▶ _Records for this task_
= = = =
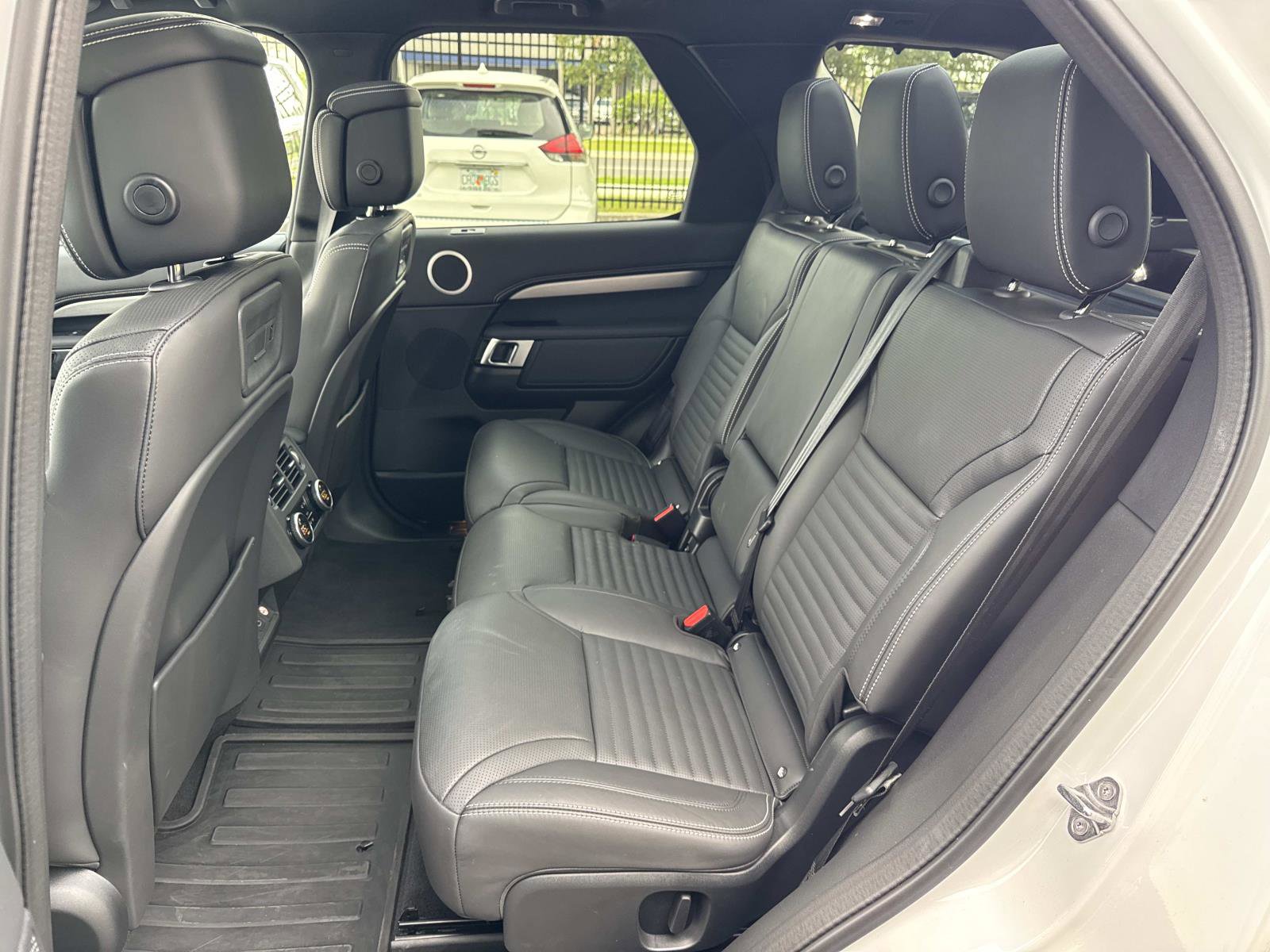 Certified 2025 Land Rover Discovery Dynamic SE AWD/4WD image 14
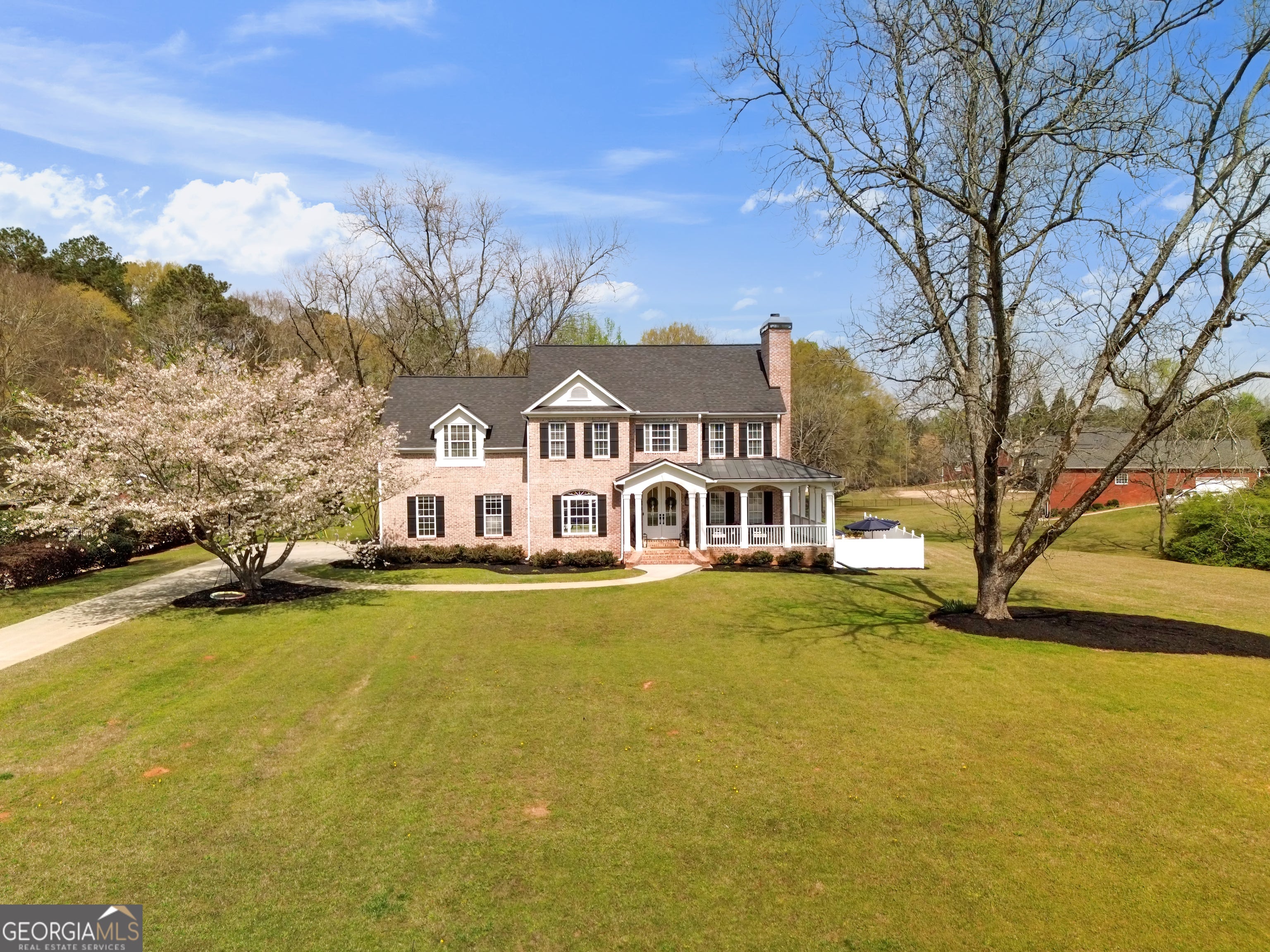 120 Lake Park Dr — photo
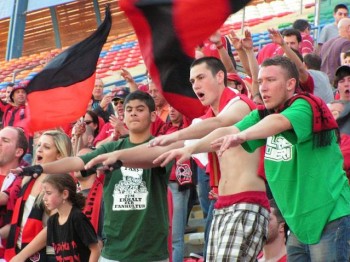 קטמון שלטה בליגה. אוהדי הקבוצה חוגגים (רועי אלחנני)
= = = =
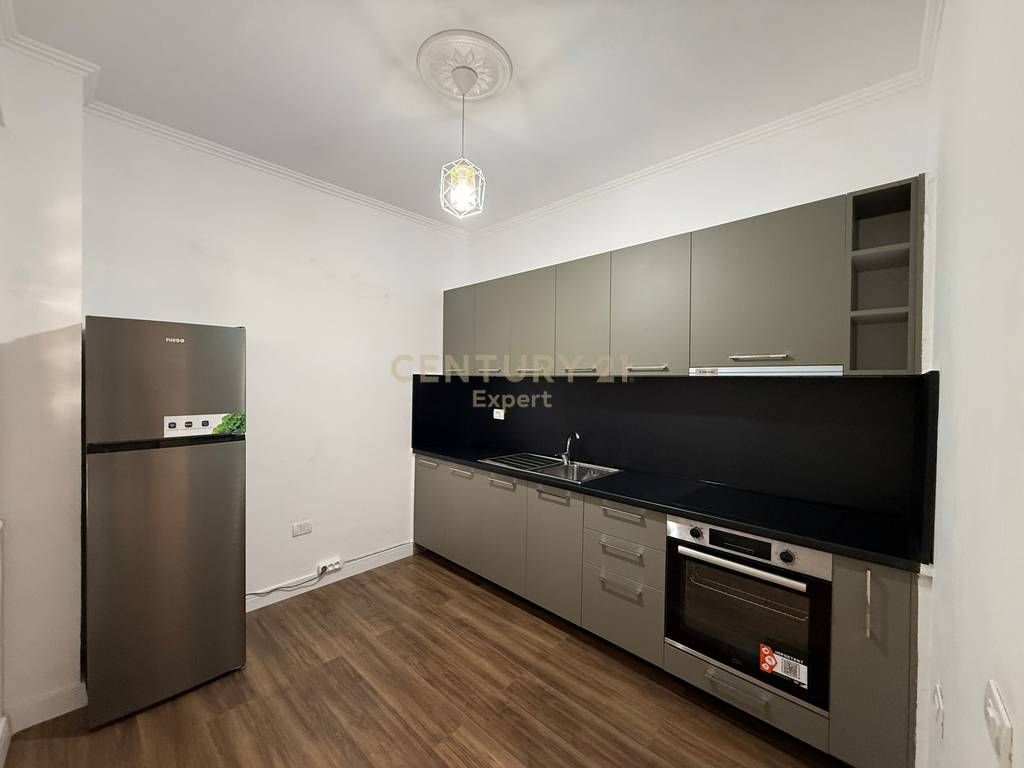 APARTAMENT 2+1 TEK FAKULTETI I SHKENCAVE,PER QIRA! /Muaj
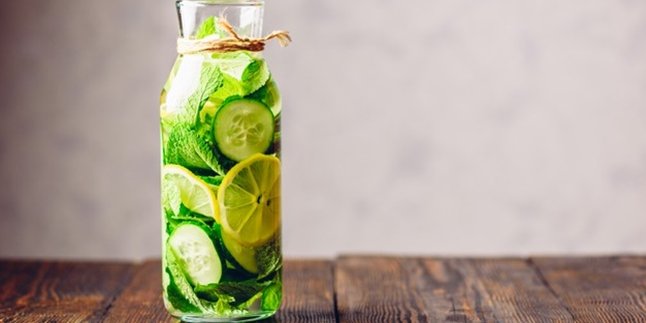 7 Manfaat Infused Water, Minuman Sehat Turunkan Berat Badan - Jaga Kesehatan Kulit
= = = =
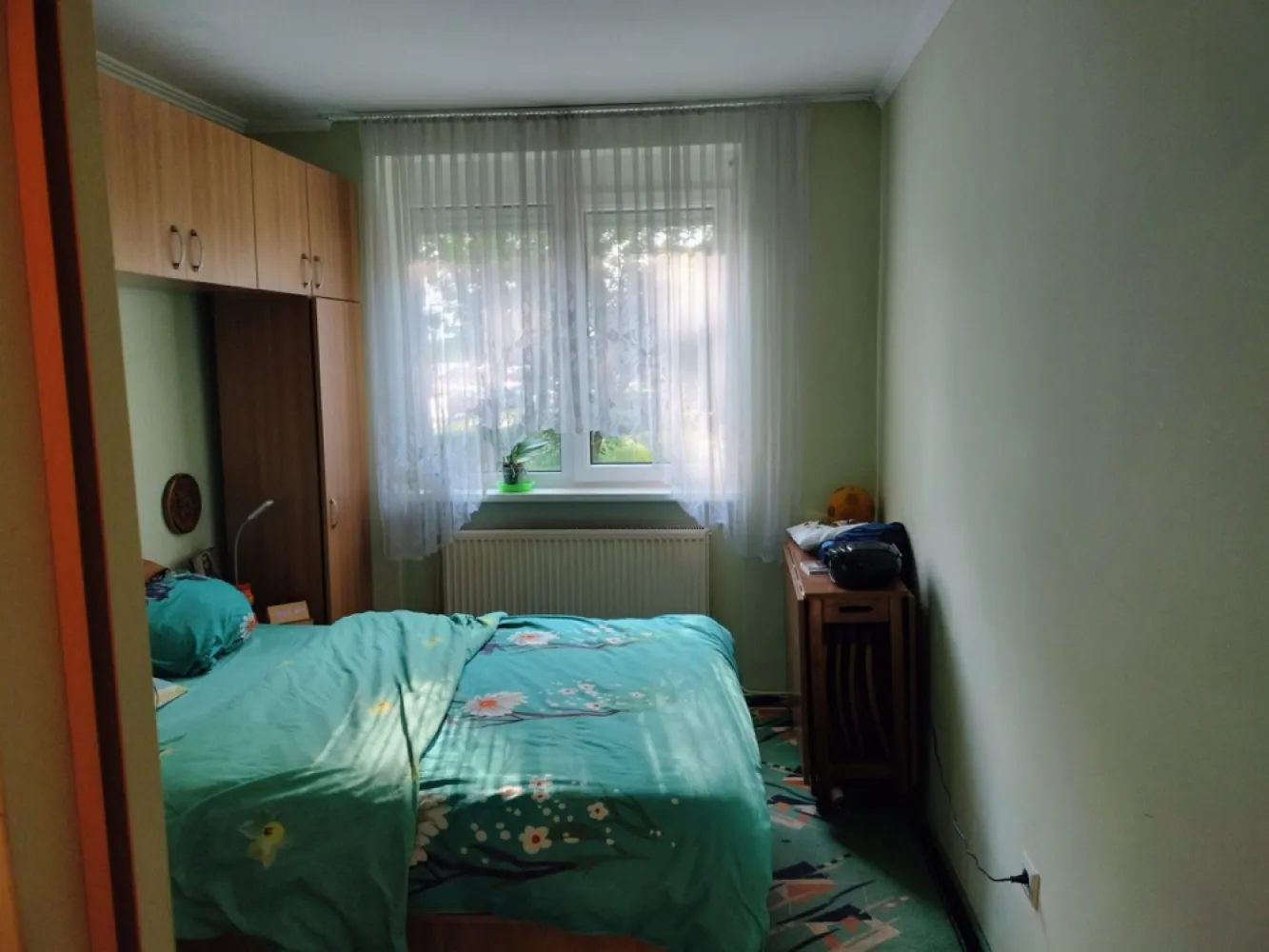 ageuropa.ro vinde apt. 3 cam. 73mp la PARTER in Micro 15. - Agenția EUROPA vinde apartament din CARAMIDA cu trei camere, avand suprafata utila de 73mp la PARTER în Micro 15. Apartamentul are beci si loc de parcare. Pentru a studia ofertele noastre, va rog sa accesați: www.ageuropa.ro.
= = = =
▶ _About this task_
Word for word, restate the lines above from the one with "120 Lake Park Dr — photo" through the one with "קטמון שלטה בליגה.", keeping both ends and dropping the pictures.

▶ _Exercise response_
 120 Lake Park Dr — photo
 קטמון שלטה בליגה. אוהדי הקבוצה חוגגים (רועי אלחנני)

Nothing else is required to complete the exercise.